There was something that immediately struck out about this painting. It was of a street surrounded by buildings on each side and definitely situated in France. The sheer volume of French flags that adorned this piece was astounding. I liked the plastered patriotism the likes of which we tend not to see here unless there’s a royal occasion being celebrated. And actually in this painting, it pretty much was also a nation-wide celebration. ‘Bastille Day’, the French Revolution, celebrated every July 14th was depicted here in an aptly titled “July 14 at Le Havre” by its painter Raoul Dufy. Although recently the event has been reason for tragedy, the excitement and elation felt by attendees is beautifully expressed with the bright colours.
I wonder why there aren’t that many people wandering the streets. I would’ve thought it would be bustling to the brim. Perhaps they are out celebrating elsewhere, or perhaps due to it being fairly early in the day they will be out soon.
According to the information card, Le Drapeau Français has been painted no less than twelve times in this vertical creation. It doesn’t seem that many, but once hearing of the grand total, you find yourself eagerly locating each one.
That’s what I find so remarkable. Everyone will focus on a particular flag, one that takes his or her fancy. Whether it be attached to the streetlights, draped across the street, portrait, vertical or my favourite the diagonal one at centre-bottom because it feels as though a flag-bearer is waving it across the sky.
This portrait reminds me of performing in a school production of Les Mis. It’s the end of the first half.

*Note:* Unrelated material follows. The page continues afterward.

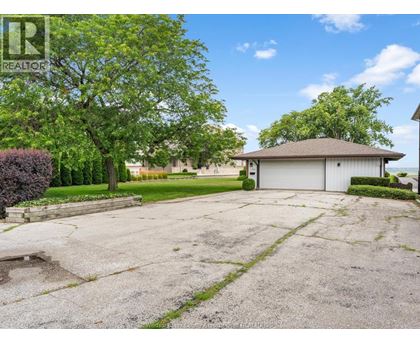 A large, empty driveway leads to a garage with a house in the background.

We are ending on the massive number that is ‘One Day More.’ I (my character) had been given the incredible honour of waving the flag as we all gather on stage towards the end of the piece; ‘tomorrow is the judgement day’.
The song is certainly a showstopper and having sat on a bench mesmerised at this piece for at least fifteen minutes, I can say Dufy’s painting is too.
I only hope Raoul Dufy was filled with such passion whilst painting these expressive strokes.